The present invention provides a new programming language (DPL) for performing XPath expression commands as part of an XML processing module. The DPL command languages themselves are used for maintaining internal states which represent the updated location and result values of the querying and traversing process through the XML document. Thus, the memory allocated for the program commands is the only memory required for executing the XPath expression. The DPL languages command performs an atomic step, which is part of the XPath expression, and its results represent a pointer to respective node of the XML structure or its values. The results are stored within the command memory and are used for performing the next DPL command or providing the output value for the XML processing module.

Description

METHOD AND SYSTEM FOR XPATH IMPLEMENTATION
BACKGROUND OF THE INVENTION
The present invention relates to XML document programming, more specifically to a method and system for activating XSLT conversion module.
The rapid growth of the Internet and more specifically the World Wide Web (WWW or Web) as a network for the delivery of applications and content, has resulted in software developers quickly beginning to shift their focus towards making the web browser a key tool to access information.
Most information is available as static content, composed of a variety of media, such as text, images, audio, and video, using hypertext markup language (HTML). HTML provides no mechanism for interacting with Web pages. At present, a Web browser uses the Hypertext Transport Protocol (HTTP) to request an HTML file from a Web server for the rapid and efficient delivery of HTML documents.
Dynamic information retrieval such as selected information retrieved from databases commonly implemented through the use of the Common Gateway Interface (CGI). While CGI allows specifically requested information to be accessed from databases across the Internet, CGI has very limited capabilities.

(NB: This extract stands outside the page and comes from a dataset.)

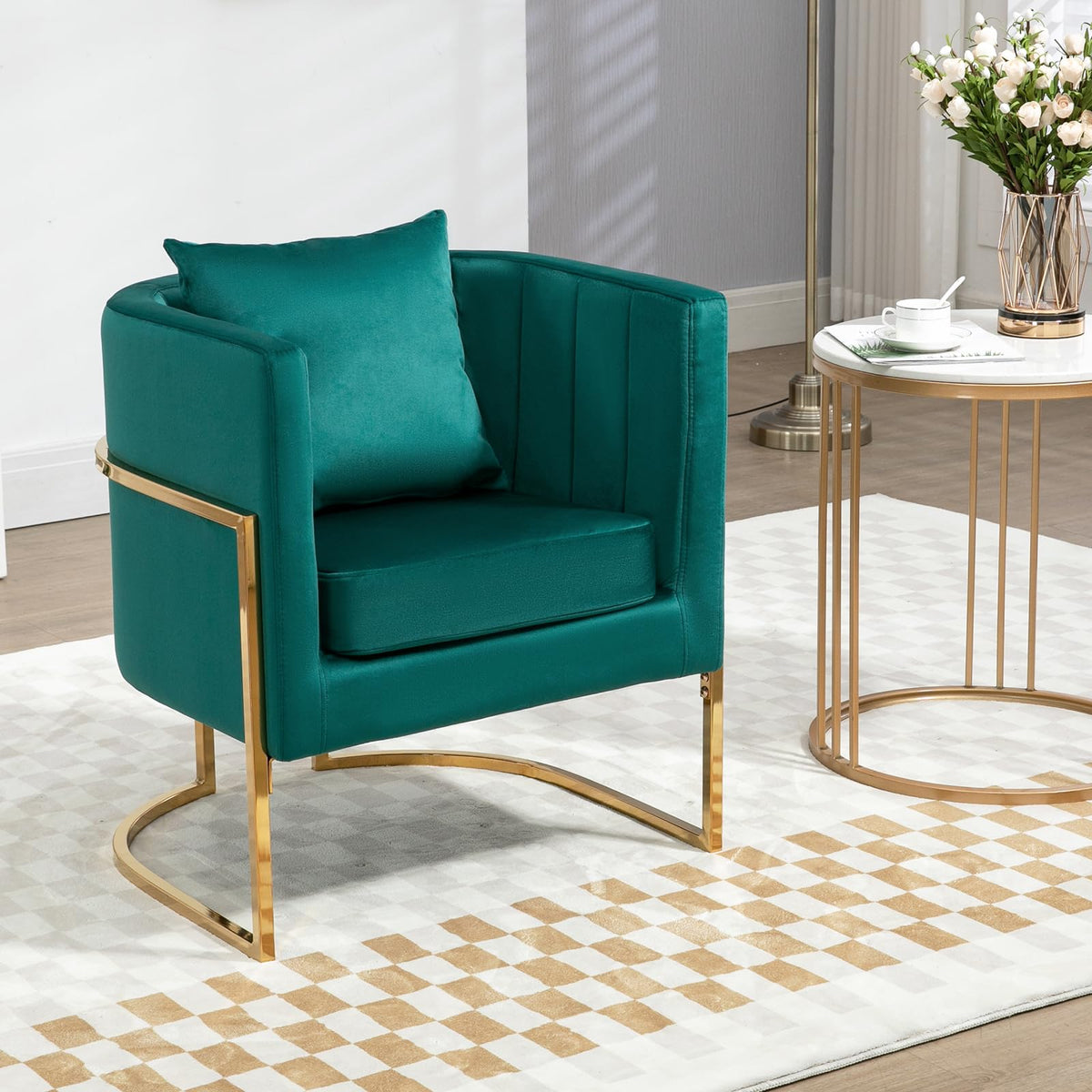 Velvet Accent Chairs Set of 2 Green B4385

An alternative to using separate CGI scripts to define content is a template- based HTML that actually embeds a request for the dynamic data within the HTML file itself. When a specific page is requested, a pre-processor scans the file for proprietary tags that are then translated into final HTML based on the request. The final HTML is then passed back to the server and on to the browser for the user to view on their computer terminal. While the examples given have been explained in the context of HTML. Templates may be created with any Standard Generalized Markup Language (SGML) based markup language, such as Handheld Device Markup language (HDML). In fact, templates can be created with any markup language or text and it is not limited to SGML based languages. Other language types such as MIME or HDML, are markup language designed and developed to allow handheld devices, such as phones, access to the resources of the Internet.
As the HTTP based technology has matured, these have tended to move towards the clear separation of the HTML template from the underlying data. Recently there have been several other key advancements.
A subset and simplification of SGML, the extensible Markup Language (XML) has evolved as a standard meta-data format in order to simplify the exchange of data. The extensible Stylesheet Language (XSL) has evolved as the standard way to define stylesheets that accept XML as input. Non-HTML browsers accessing data over HTTP are becoming common and in the next few years will become more common than browsers on desktop computers.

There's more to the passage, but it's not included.